The Fallacy of Replay Value in Video Games - Extra Punctuation

So I did Amnesia: The Bunker in ZP recently, which if you haven’t watched, why the hell not, it’s like five minutes of your time, what else were you gonna do with it? Oh, you want a shorter version, don’t you? Look at Mr. Jetsetter here. It’s a very effective horror game that does some interesting things with organically open-ended moment to moment gameplay, in stark contrast to its somewhat linearly laid out predecessors, but it seems to be overtly trying to encourage replay. In fact, the end credits barely finished rolling before a big old text box popped up saying “Why not play again?! It won’t be the same! Well, it is, mostly, but we’re going to move all the traps and first aid kits!”

And this seems like a misstep, to me. Certainly at that time because I have no intention of putting myself through that wringer again anytime soon. Like any good horror game, it’s a chilling, claustrophobic experience that fills you with adrenaline from the simulated threat, and it often took me a while to even work up the courage to leave the safe room, and without the motivation to see the end of the story and discovering where it all leads I didn’t see much appeal to return.

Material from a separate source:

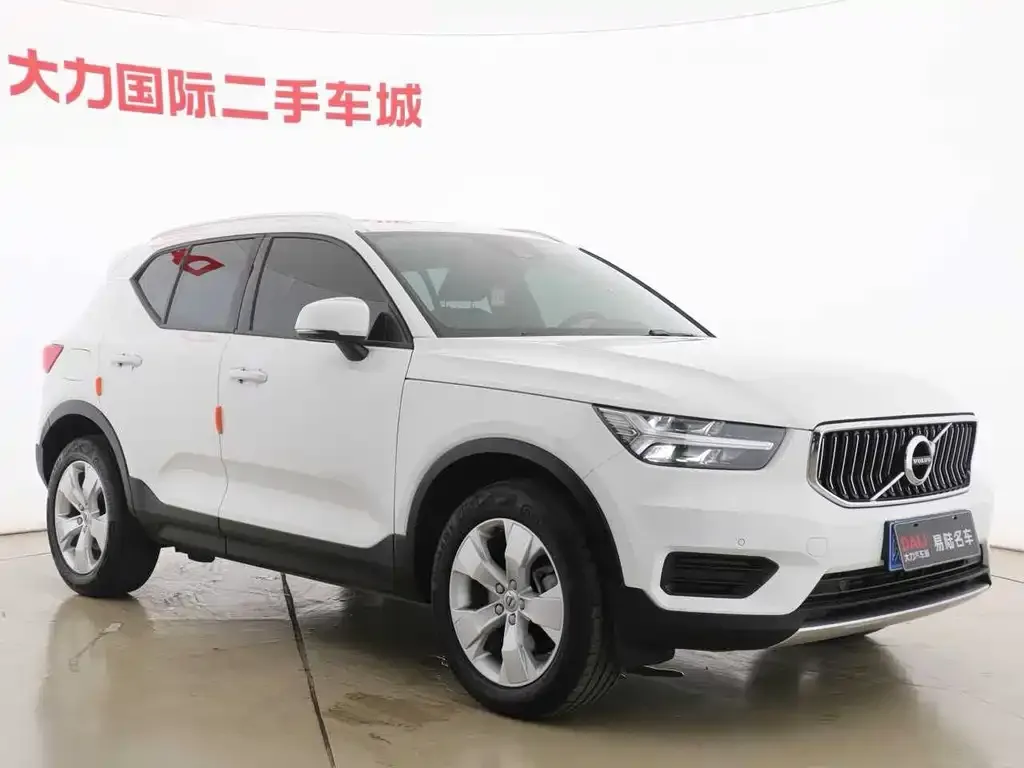 Volvo XC40 — фото 2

Mystery is one of the main things that makes horror effective beyond simple jumpscares, and mystery will only diminish the more The Bunker is played. In the one playthrough I did, I thought that despite showing the monster as unscripted the game did a pretty good job of never letting me get a good look at the bastard. It’s always just a shadowy glimpse before I’m tailed and legged on it. The best look I got was one time when I hid in a fenced area thinking the monster couldn’t navigate the vent I used to access it. Spoiler alert: I was wrong in this assumption. But if I kept playing and kept making incredibly stupid mistakes like those, I’d see more of the monster, as well as its janky animations and Weetabix-like flesh. And the way something looks in your imagination will always be more effectively scary than the way it looks in reality.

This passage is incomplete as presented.